19

"Minumlah, Amelia."

Tidak ada gerakan.

"Setidaknya agar aku tidak lagi melihat tremor tanganmu dari air dalam gelas itu," ucap Naomi sambil memposisikan dirinya untuk duduk di kursi tanpa sandaran yang tadi diduduki Kiel.

Amelia menatap apa yang dilihat Naomi. Demi peluru sialan yang menembus tubuhnya, Amelia melihat dirinya tegang dan tangannya gemetaran. Ia tahu dengan siapa dia bicara, dan gadis yang terlihat ceria itu bisa membunuhnya dalam satu kedipan jika dia menginginkannya.

Setelahmeneguk habis air dalam gelas itu, menyiram kerongkongannya yang terasa kering, Amelia meletakkan gelas di atas nakas sebelah ranjang.

"Apa yang diinginkan seorang bangsawan kelas atas sepertimu dariku?"

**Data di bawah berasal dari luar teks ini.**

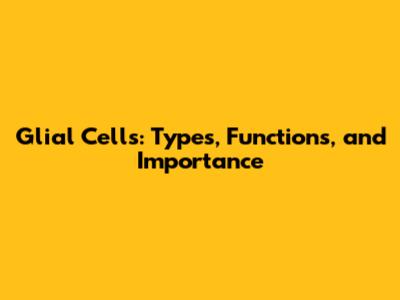 Glial Cells: Types, Functions, and Importance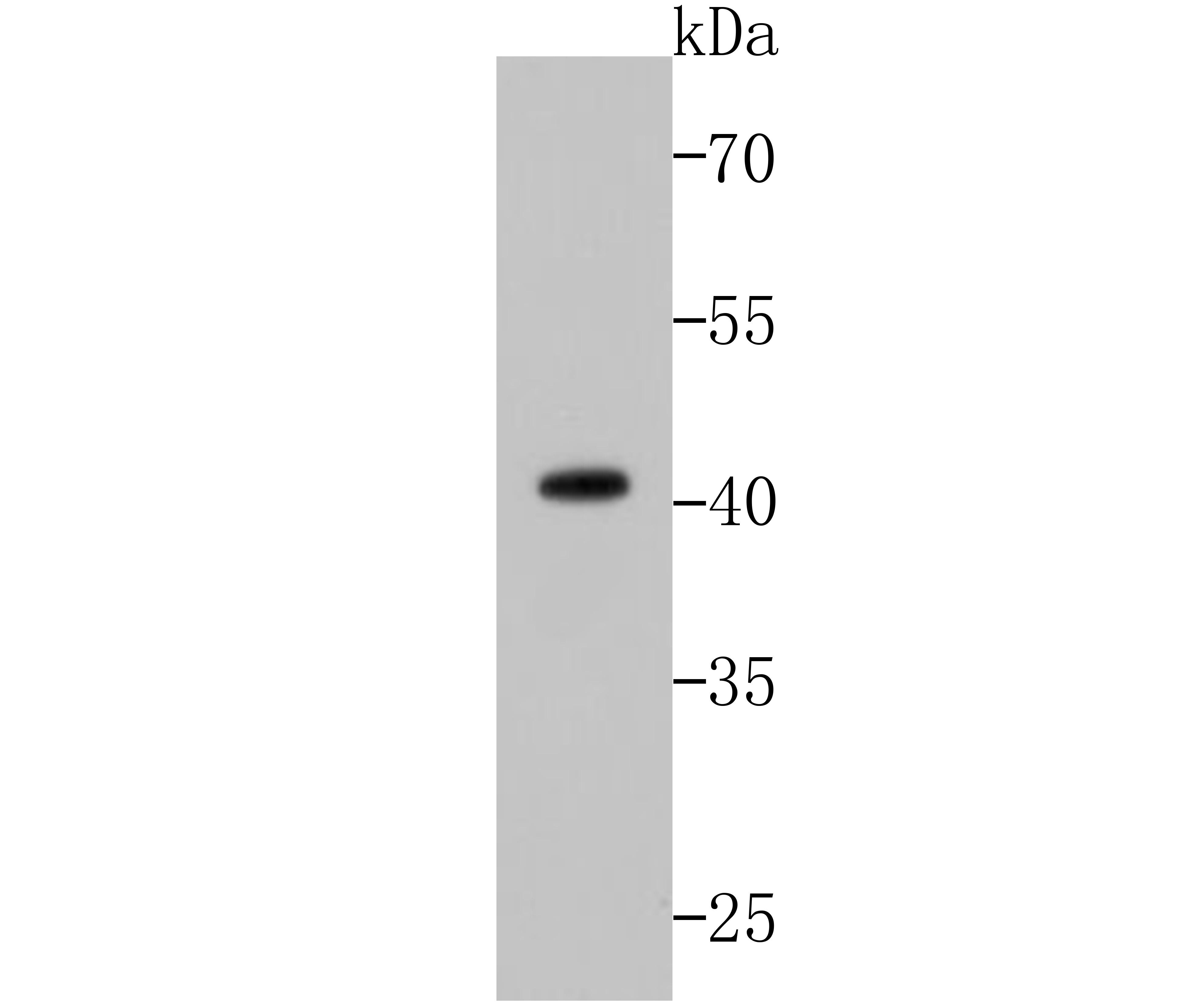 Zebrafish tissue lysate probed with p53 (2F4) Monoclonal Antibody (bsm-52243R) at 1:500 overnight at 4°C followed by a conjugated secondary antibody for 60 minutes at 37°C.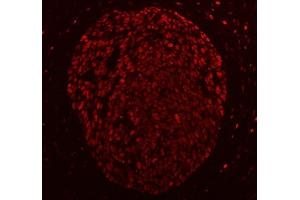 IF analysis of PC4/SUB1 using anti-PC4/SUB1 antibody (ABIN7602186).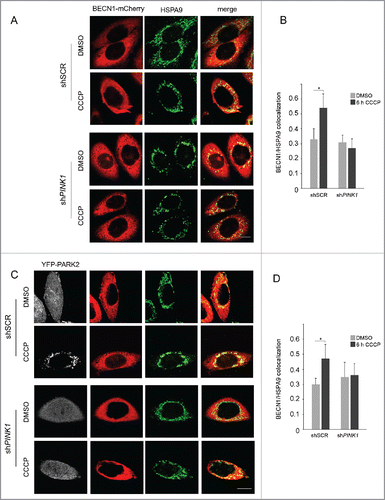 Figure 6. BECN1- HSPA9 overlay significantly increased upon CCCP treatment even in the absence of PARK2.shSCR and shPINK1 HeLa cells overexpressing only BECN1-mCherry (red) (A and B) or BECN1-mCherry (red) and YFP-PARK2 (gray) (C and D) were treated with DMSO or 25 μM CCCP for 6 h and then immunostained with the MAM-localized protein HSPA9 (green). Scale bar: 10 μm. (B and D) Histograms reporting Mander's Overlap Coefficients relative to BECN1-mCherry and HSPA9 colocalization showed in A and C (mean ± SD of n = 3, 10 cells per experiments). *p < 0.05.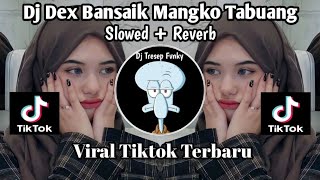 DJ DEX BANSAIK MANGKO TABUANG SLOWED REVERB BY RIZKI YETE VIRAL TIKTOK TERBARU 2023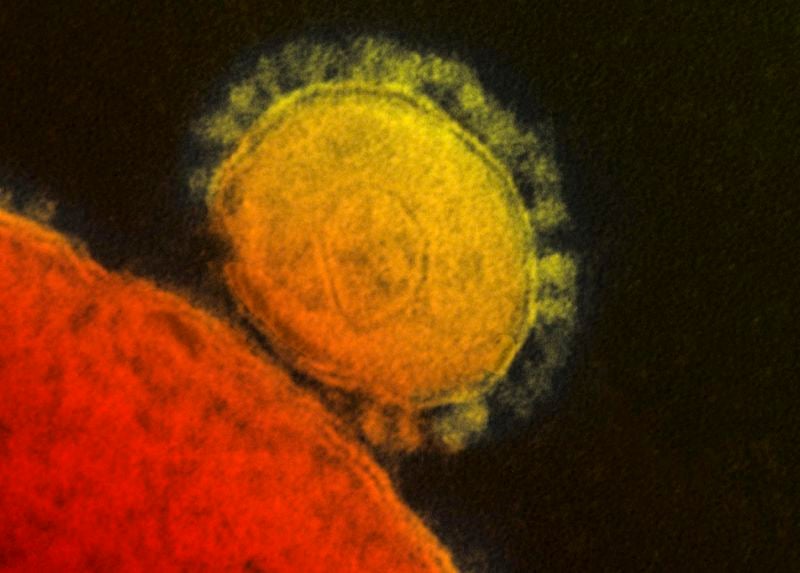 De grote problemen met het coronavirus zitten momenteel in drie landen: Italië, Zuid-Korea en Iran. Daar komen er op dagbasis nog honderden nieuwe meldingen van besmettingen met het coronavirus bij. Italië neemt inmiddels drastische maatregelen zoals een landelijke sluiting van scholen en universiteiten.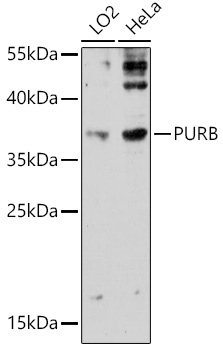 Western blot analysis of extracts of various cell lines using PURB Polyclonal Antibody at 1:3000 dilution.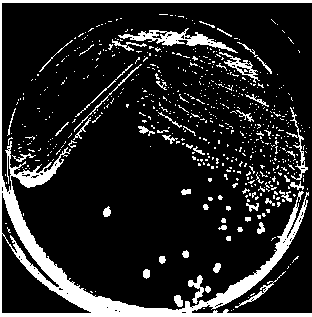 Atrazine degrading bacterium and application thereof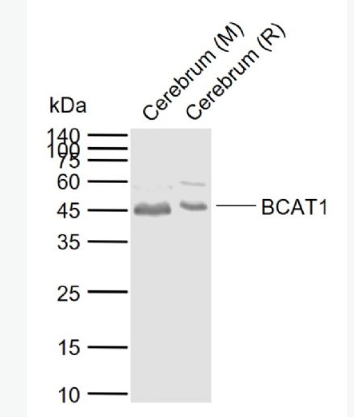 Anti-BCAT1  antibody-胞漿支鏈氨基酸酸轉(zhuǎn)氨酶抗體,BCAT1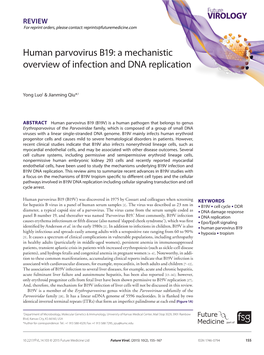 Human Parvovirus B19: a Mechanistic Overview of Infection and DNA Replication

Naomi menghela napas panjang dan tersenyum sedih, senyum yang lagi-lagi tak bisa diartikan dengan baik oleh Amelia.

"Kiranya memang tidak ada gunanya berusaha menyembunyikan jati diriku darimu, bukan?" Naomi terkekeh kecil dan menunduk untuk mengamati sepatunya.

"Lagi pula, kenapa kau bermaksud untuk menyembunyikan identitasmu dariku?" Amelia kini memposisikan diri bersandar pada sandaran dipan.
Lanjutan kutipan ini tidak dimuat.